Tooth for a tooth, eye for an eye…sell your soul just to buy buy buy
Beggin' a dollar stealin' a dime…come on can't you see that I
I am stranded…caught in the crossfire
I am stranded…caught in the crossfire
--Stevie Ray Vaughan (Crossfire)
Things that make me go hmmm…
- Consumers caught in the crossfire between lovie dovie govie inflation statistics and the high price of gas in the tank, food on the table and kids in college.
- U.S. growth at a four-year low while the DJIA is at an all-time high and the S&P a few good buy programs away from its all-time closing high of 1527.
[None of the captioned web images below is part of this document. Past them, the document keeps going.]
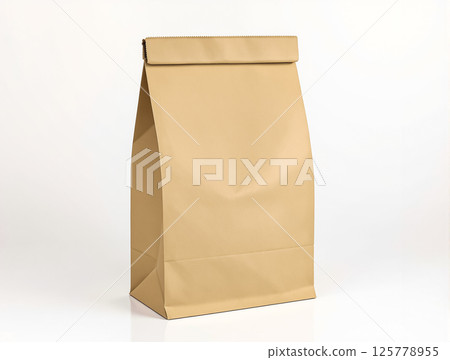 Brown paper bag with a fold-over top standing on a flat surface in a well-lit environment 125778955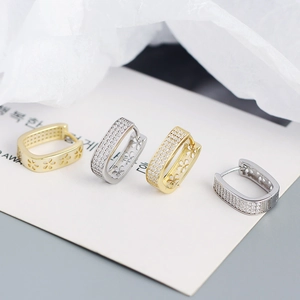 Detail of U-shaped hoop earrings with zircon pavé and hollow floral patterns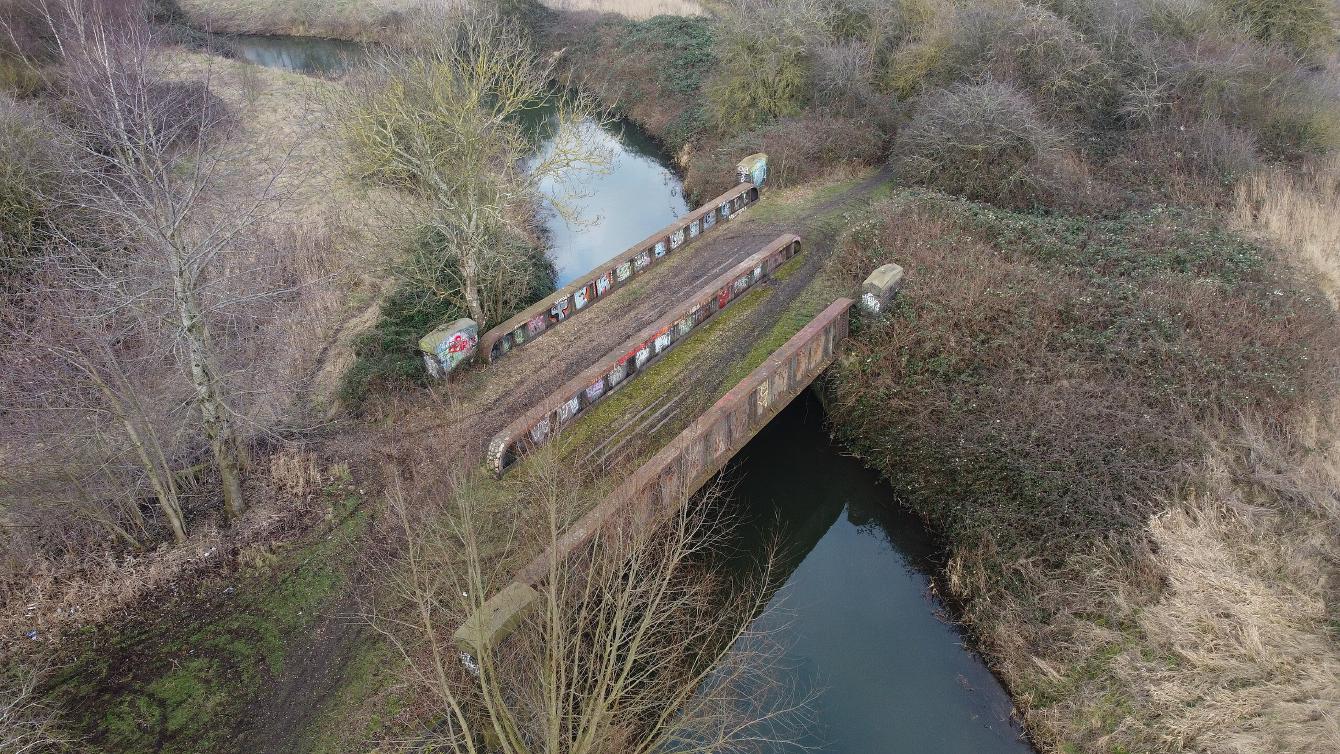 An aerial photo of the bridge taken from a drone, showing the vegetation building up on the east bank on the right of the photo.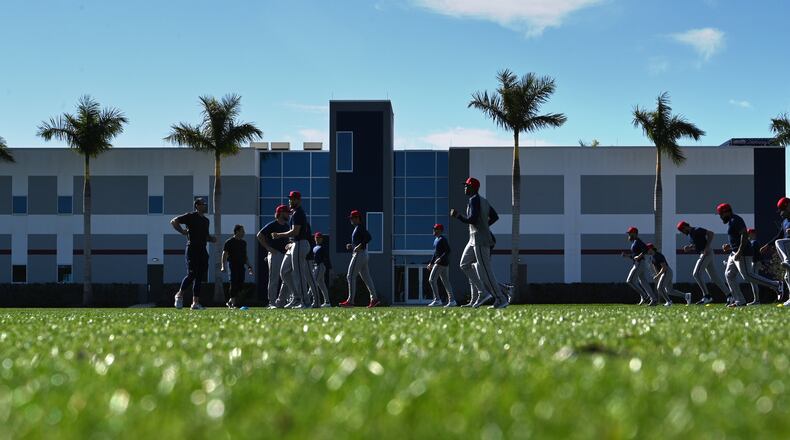 Atlanta Braves pitchers warm up during spring training baseball workouts at CoolToday Park, Wednesday, February, 14, 2024, in North Port, Florida. (Hyosub Shin / Hyosub.Shin@ajc.com)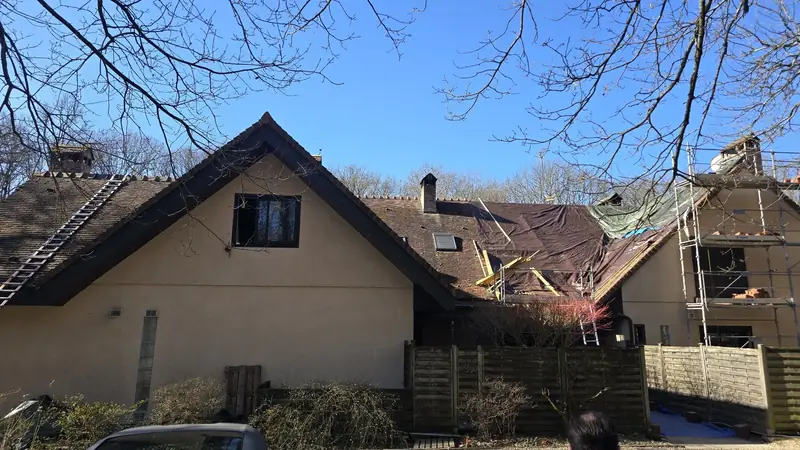 Maison en lisière de forêt dont la toiture est en partie déposée, échafaudage en place, Chevreuse (78)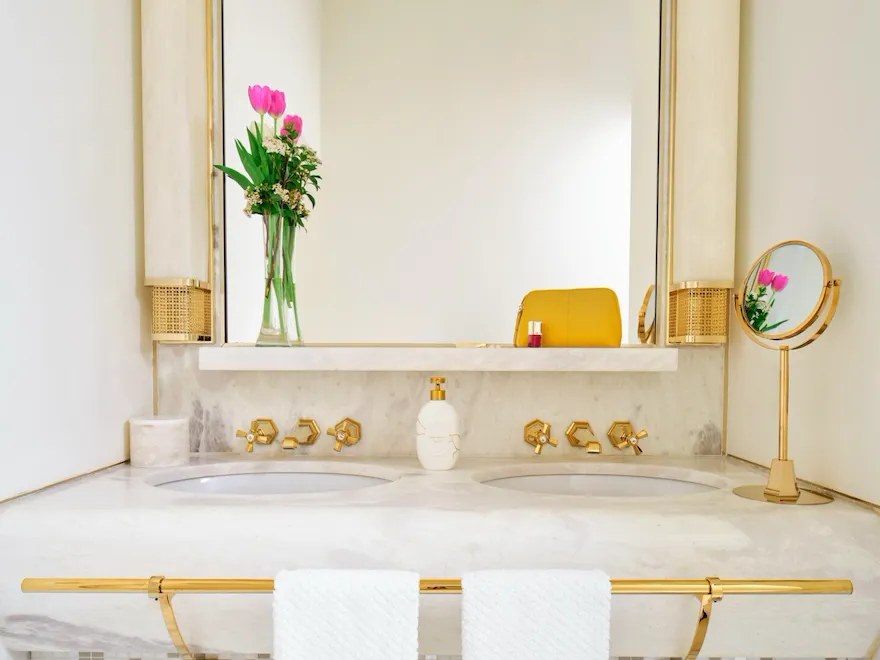 Salle de bains de l'Hotel Eden à Rome, marbre clair et vasque sous le miroir.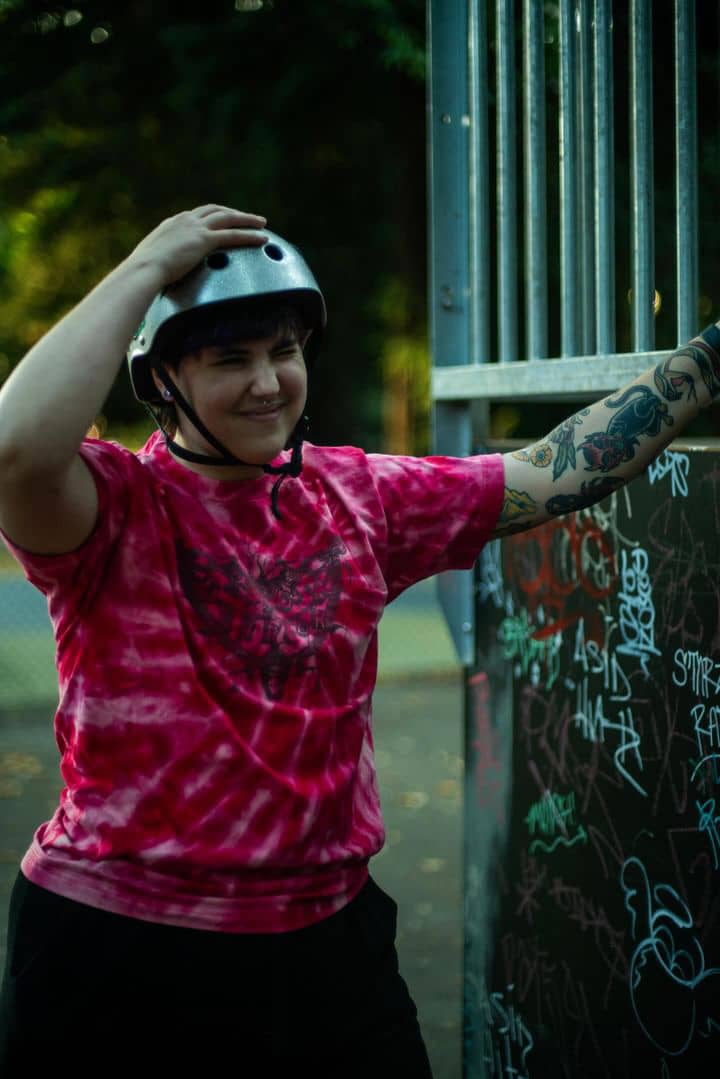 Alex Gray chilling at the skate park wearing a tie-dye GNDR SHREDR shirt. They have their hand on top of their helmet with a scrunched up smile.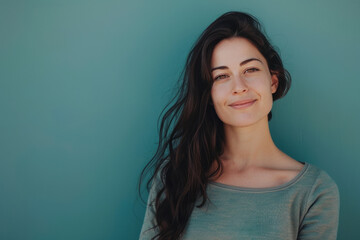 A close up portrait of a woman with a subtle smile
- With little sign of corporate inclination to rev up Cap-Ex are corporate buy backs a function of nothing else to do with the moolah in the till? Or given the M&A melt-up, LBO lunging and private equity escapades are the corporate lounge lizards just trying to couch their cushy jobs by shrinking the floats and manipulating the earnings per share to avoid possible takeovers? Does shrinkage in the case of Costanza have anything to do with performance?
- Do I need glasses or is there a letter "I" on the end of CMG (Chipotle Mexican Grill)? In 2000 it was CMGI. In 2000 it was wafers - now it's waffles?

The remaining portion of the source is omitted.